■ Nicholas J. Peterka
In Teva Pharmaceuticals USA, Inc. v. Sandoz, Inc., 574 U.S. ___, No. 13-854 (2015), the Supreme Court held that the Federal Circuit must apply the clearly erroneous standard when reviewing a district court’s resolution of subsidiary factual matters made during the court’s patent claim construction.
At dispute was the meaning of the term “molecular weight.” Each party presented extrinsic evidence in the form of expert testimony and, relying on patent owner Teva’s expert, the district court determined that “molecular weight” was not indefinite. Sandoz appealed the claim construction to the Federal Circuit, which reviewed de novo all aspects of the district court’s claim construction and determined that “molecular weight” was indefinite.

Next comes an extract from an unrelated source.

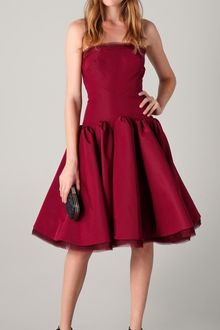Zac Posen Strapless Dress with Full Skirt - Lyst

The Supreme Court granted certiorari and found that, while the determination of questions of law (such as the final claim construction) are reviewed de novo, underlying determinations of subsidiary facts are reviewed for clear error. The Court stated that subsidiary factual matters arise when the court uses extrinsic evidence, such as expert testimony, to aid in claim construction. The Court’s holding will factor into whether a party uses extrinsic evidence, for a party aiming to add more finality to a district court’s claim construction may frame the issues so that extrinsic evidence is vital to the court’s claim construction and, conversely, a party seeking to overturn a claim construction may argue that intrinsic evidence is dispositive and extrinsic evidence is unnecessary. This decision will also affect summary judgment. Because the Court’s holding seemingly elevates the importance of factual determinations in claim construction, factual issues may become potential obstacles to summary judgment, which requires no genuine dispute as to any material fact.